_Task statement:_ Without the pictures, print each of the records below exactly as it appears.

Stored data entries
───

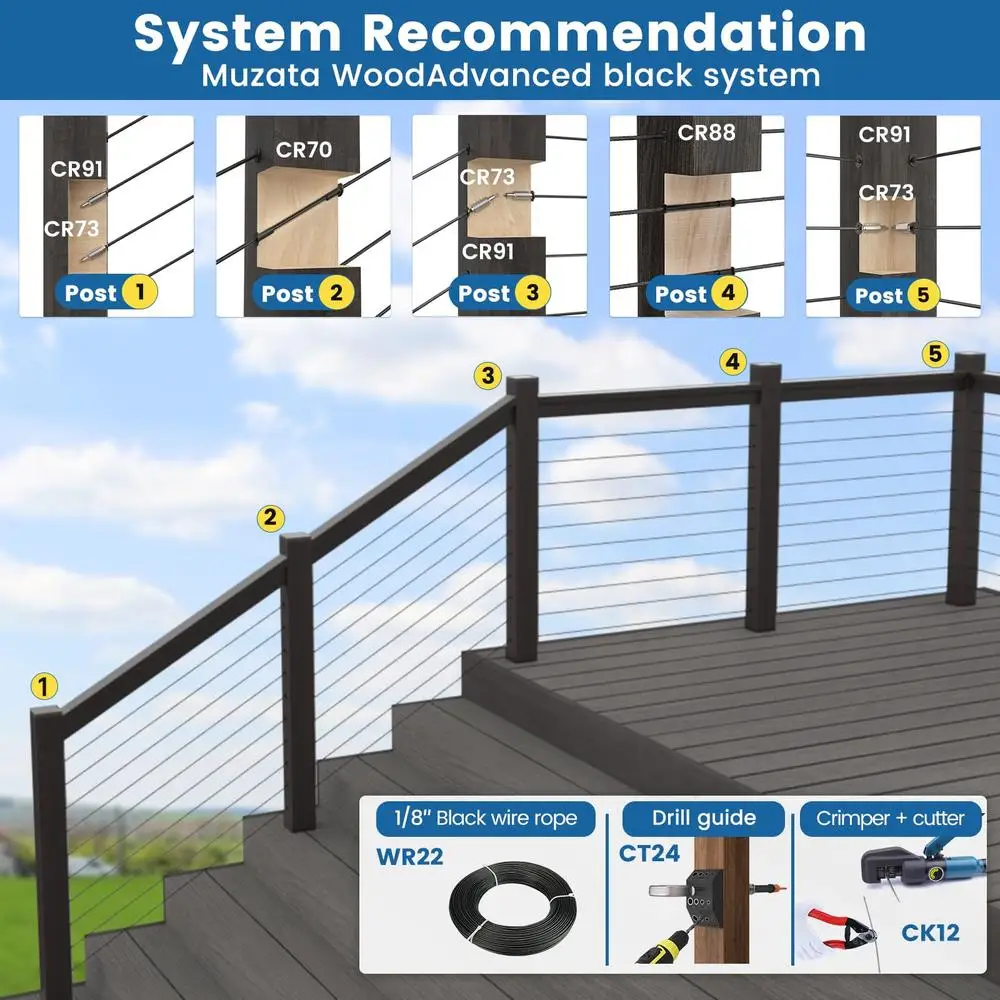 Steel Cable Railing Tensioner Kit Swage Lag Screw Invisible Wood Post 40 Pack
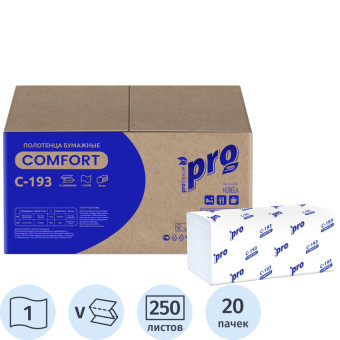 Полотенца бумажные листовые Protissue V-сложения 1-слойные 20 пачек по 250 листов (плотность 33 г, артикул производителя C193)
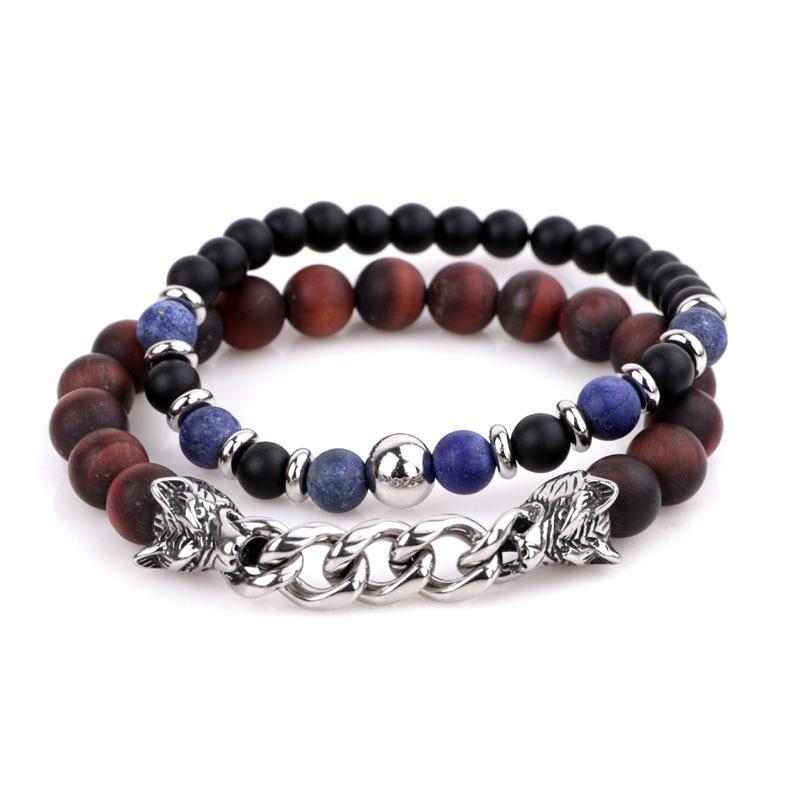 Natural Stone & Stainless Steel  Double WOLF 'LOYALTY' 2 pc Bracelet Set -13 Styles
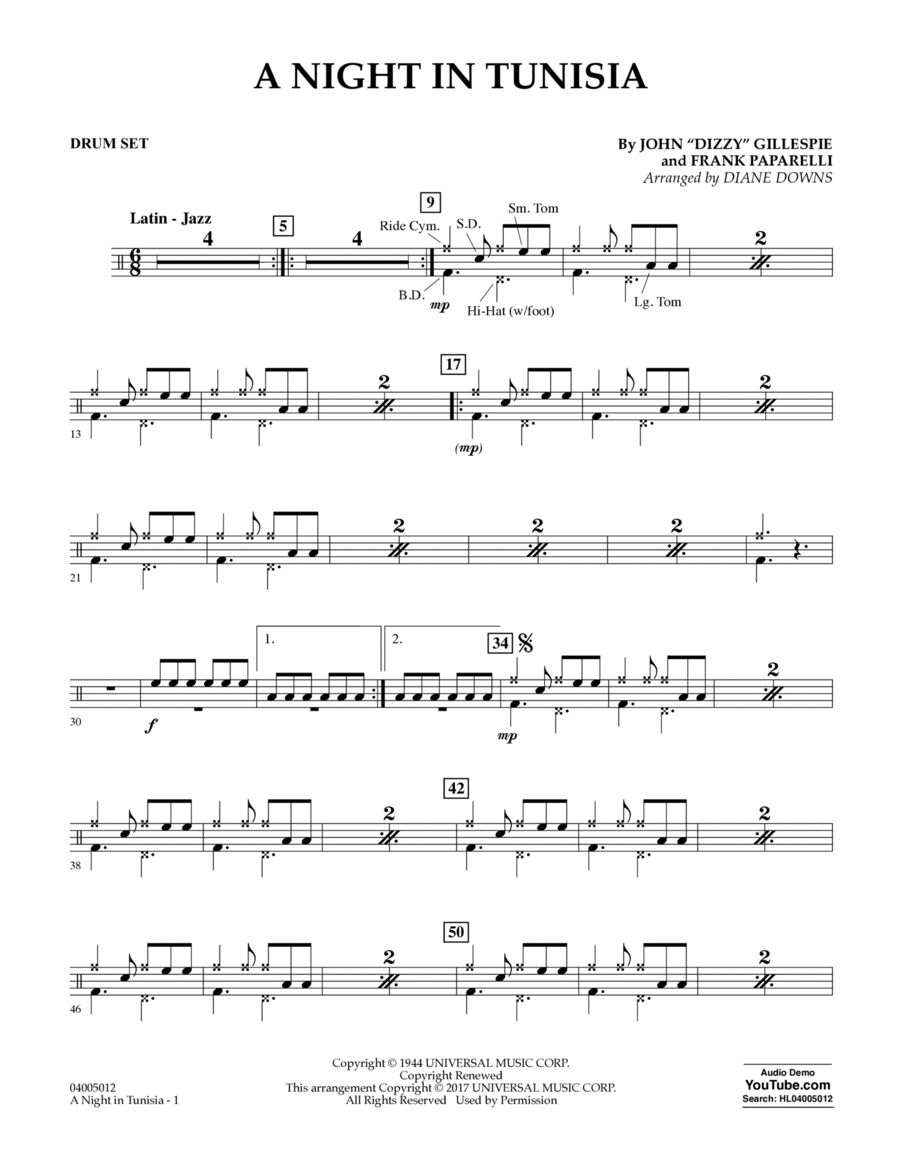A Night in Tunisia - Drum Set Concert Band scores gallery preview page 1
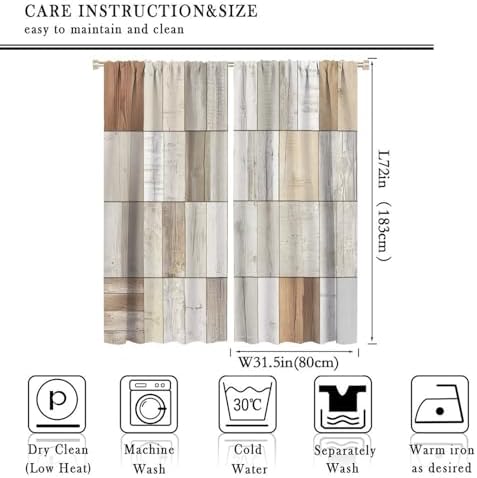 Rustic Wood Blackout Window Curtain Panels, Brown Plank Rod Pocket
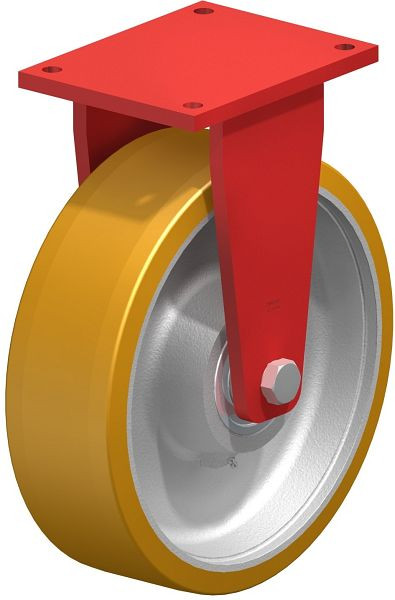 Blickle BS-GTH 406K Stahlgeschweißte Schwerlast-Bockrolle, Blickle Extrathane®, Hellbraun, 478735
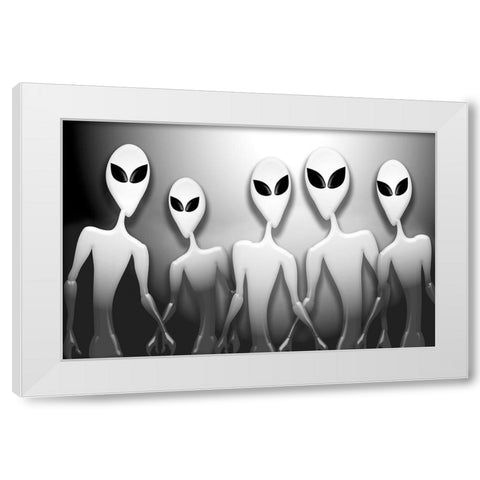 Anyone Home? White Modern Wood Framed Art Print by Anonymous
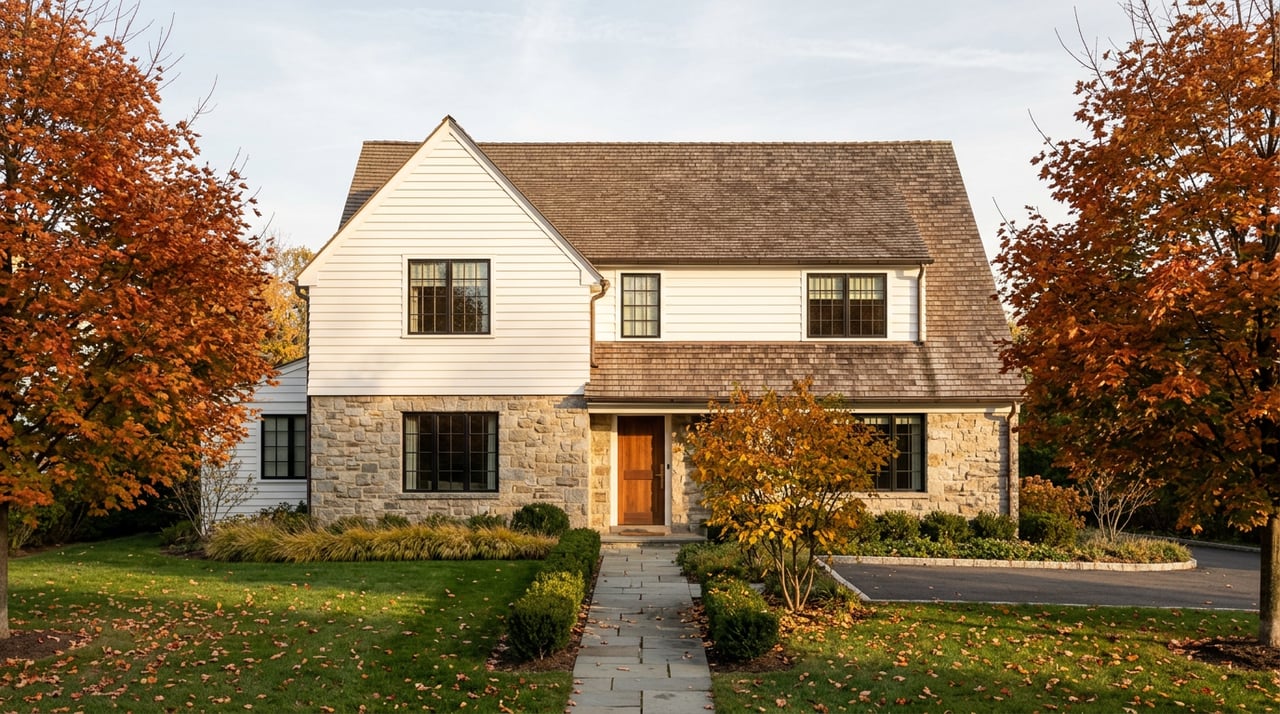 Two-story white clapboard and fieldstone house with a walnut door, orange-red maples, and fallen leaves.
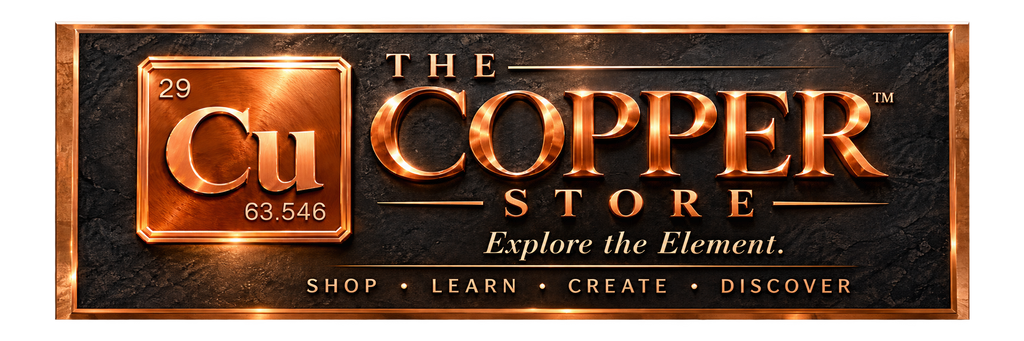 A rectangular promotional banner for 'The Copper Store' featuring a metallic copper periodic table element symbol 'Cu' and the text 'Explore the Element.' on a dark textured background with copper-gold lettering.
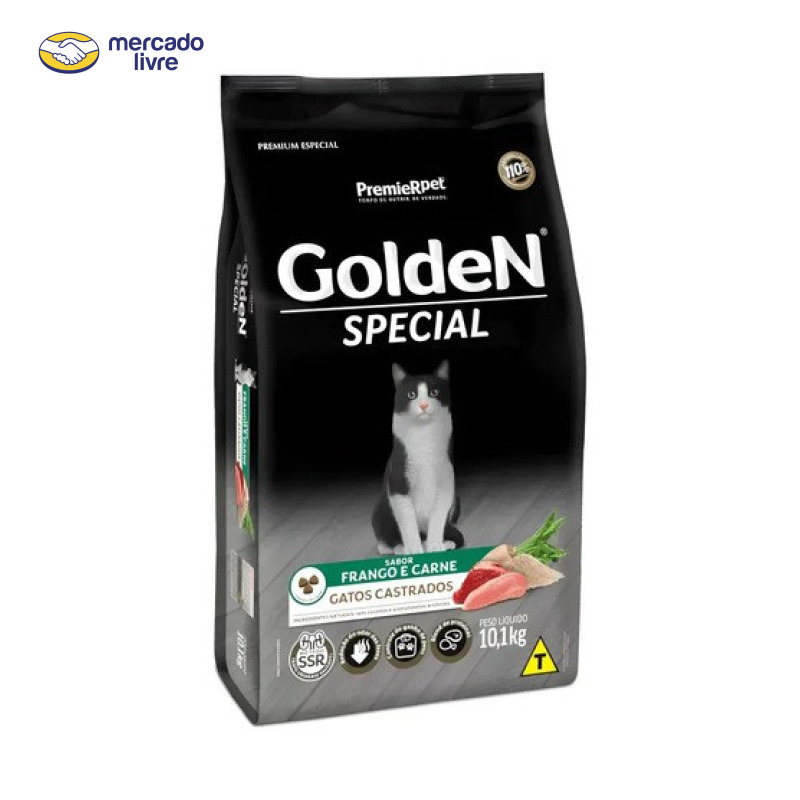 Ração Golden Premium Especial Castrado Carne Frango Gato Adulto 10,1kg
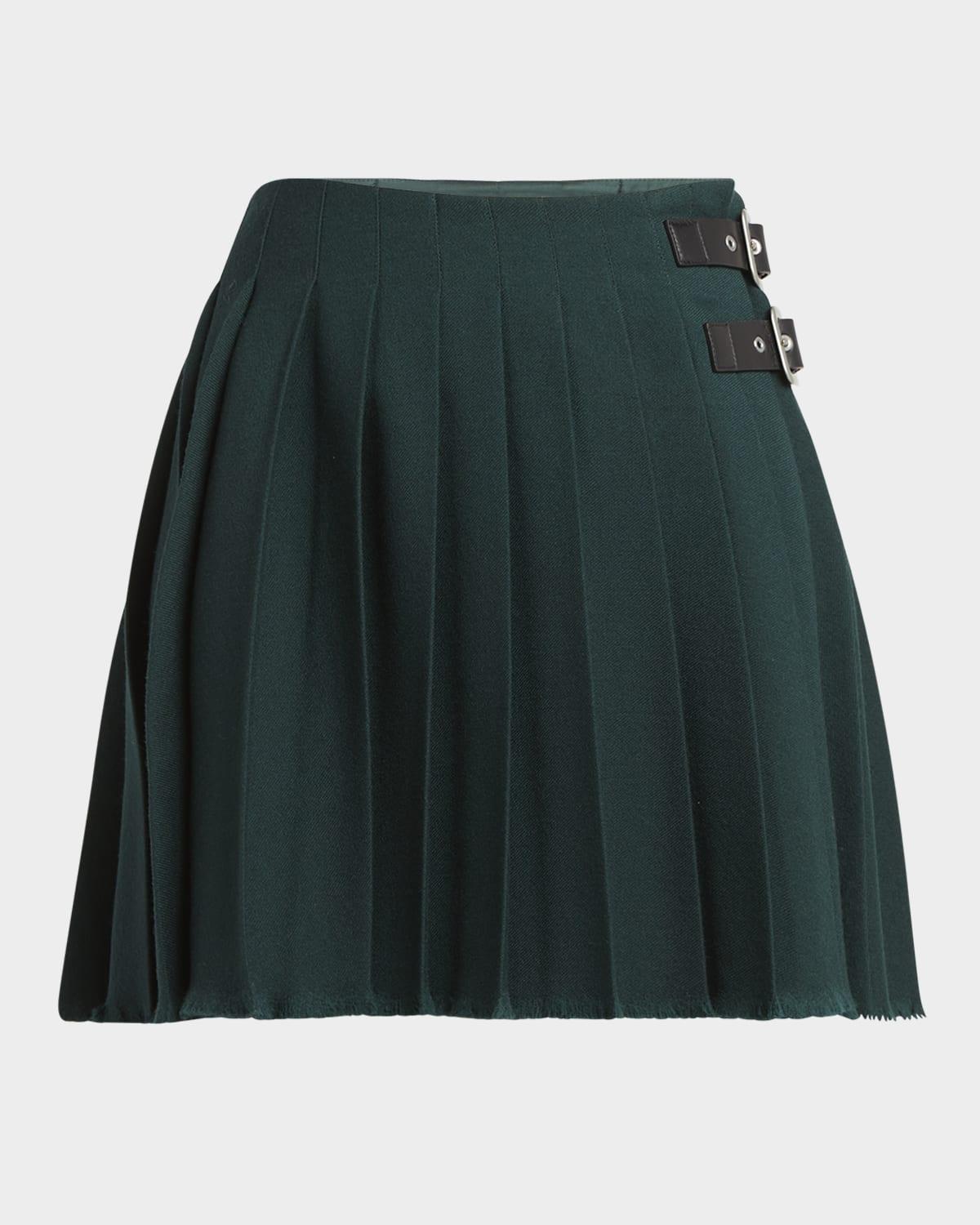dual-buckle pleated mini kilt skirt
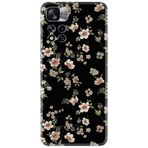Kılıfland Xiaomi Redmi Note 11 ile Uyumlu Kılıf, Boutique Baskılı, Çiçek Desenli, Siyah Fon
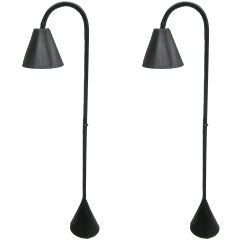 2 Hand-Stitched Black Leather Floor Lamps by Jacques Adnet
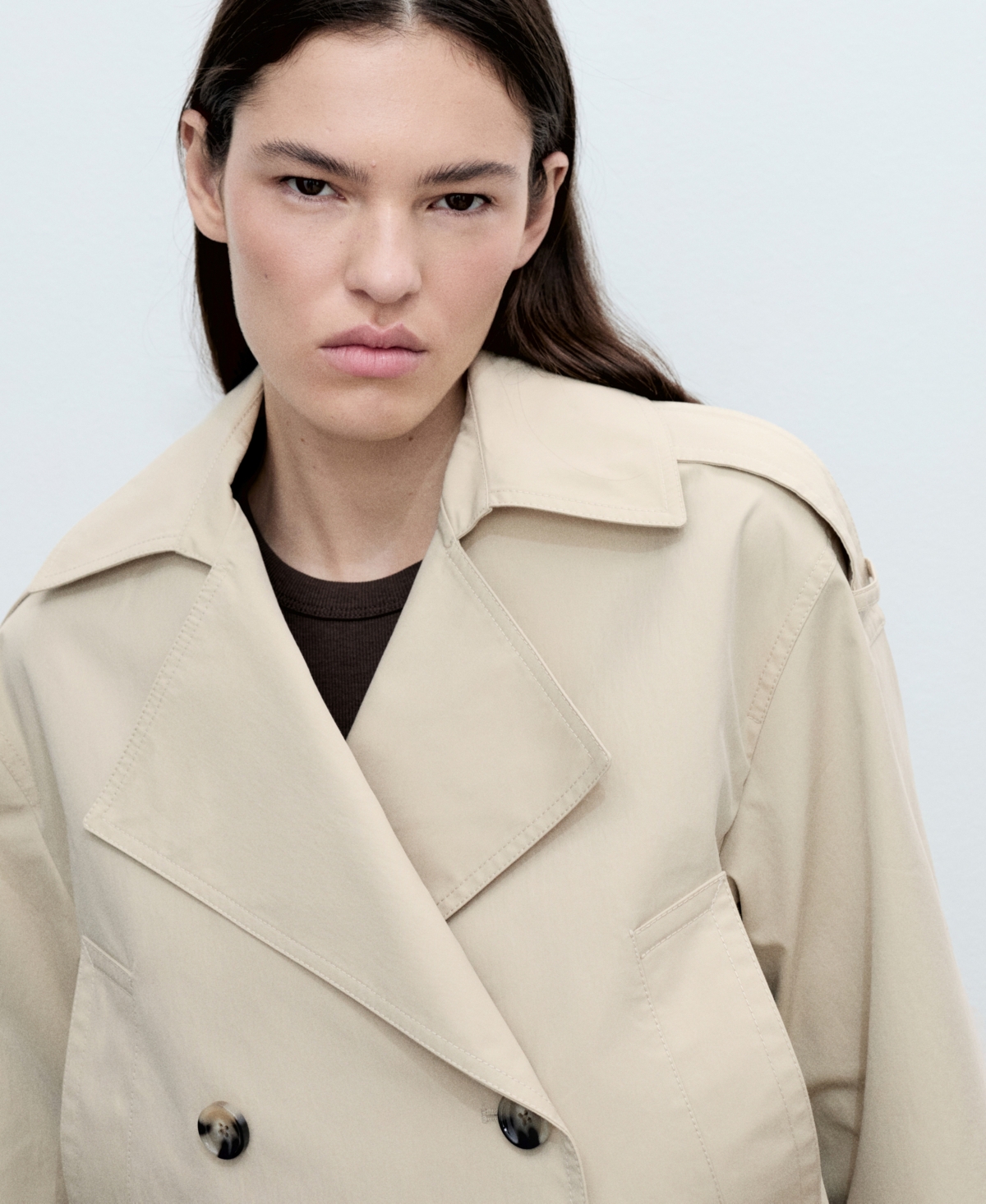 Mango Double Breasted Crop Trench Coat In Light,pastel Gray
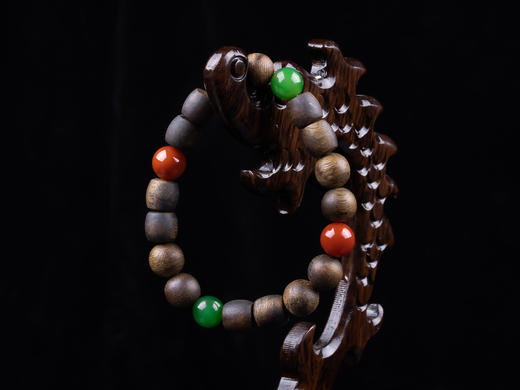 XY0351沉香+碧玉南红四季平安手串 商品图8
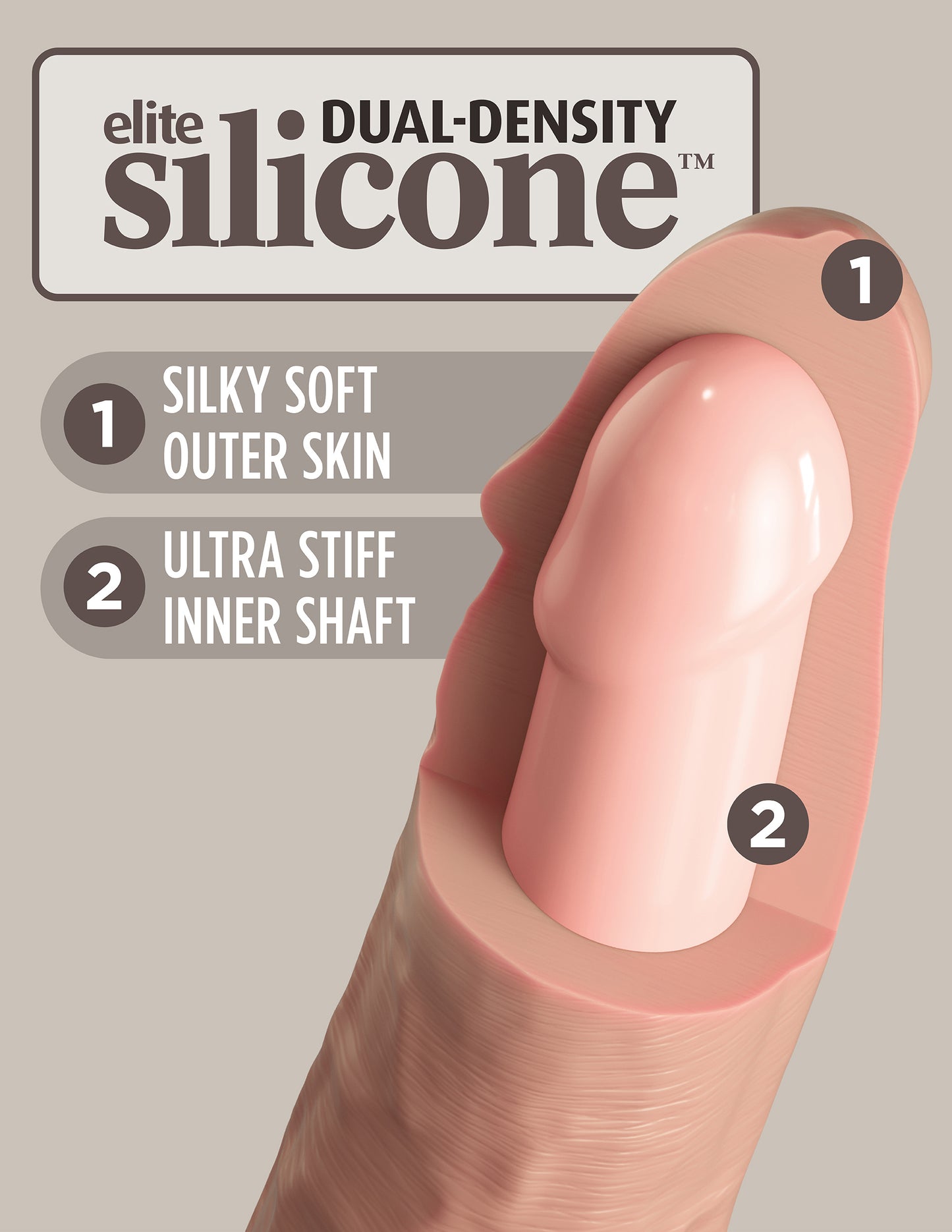 King Cock Elite 9 Inch Vibrating Silicone Dual Density Cock With Remote - Light PD5779-21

───

_Output:_
 Steel Cable Railing Tensioner Kit Swage Lag Screw Invisible Wood Post 40 Pack
 Полотенца бумажные листовые Protissue V-сложения 1-слойные 20 пачек по 250 листов (плотность 33 г, артикул производителя C193)
 Natural Stone & Stainless Steel  Double WOLF 'LOYALTY' 2 pc Bracelet Set -13 Styles
A Night in Tunisia - Drum Set Concert Band scores gallery preview page 1
 Rustic Wood Blackout Window Curtain Panels, Brown Plank Rod Pocket
 Blickle BS-GTH 406K Stahlgeschweißte Schwerlast-Bockrolle, Blickle Extrathane®, Hellbraun, 478735
 Anyone Home? White Modern Wood Framed Art Print by Anonymous
 Two-story white clapboard and fieldstone house with a walnut door, orange-red maples, and fallen leaves.
 A rectangular promotional banner for 'The Copper Store' featuring a metallic copper periodic table element symbol 'Cu' and the text 'Explore the Element.' on a dark textured background with copper-gold lettering.
 Ração Golden Premium Especial Castrado Carne Frango Gato Adulto 10,1kg
dual-buckle pleated mini kilt skirt
Kılıfland Xiaomi Redmi Note 11 ile Uyumlu Kılıf, Boutique Baskılı, Çiçek Desenli, Siyah Fon
 2 Hand-Stitched Black Leather Floor Lamps by Jacques Adnet
 Mango Double Breasted Crop Trench Coat In Light,pastel Gray
 XY0351沉香+碧玉南红四季平安手串 商品图8
 King Cock Elite 9 Inch Vibrating Silicone Dual Density Cock With Remote - Light PD5779-21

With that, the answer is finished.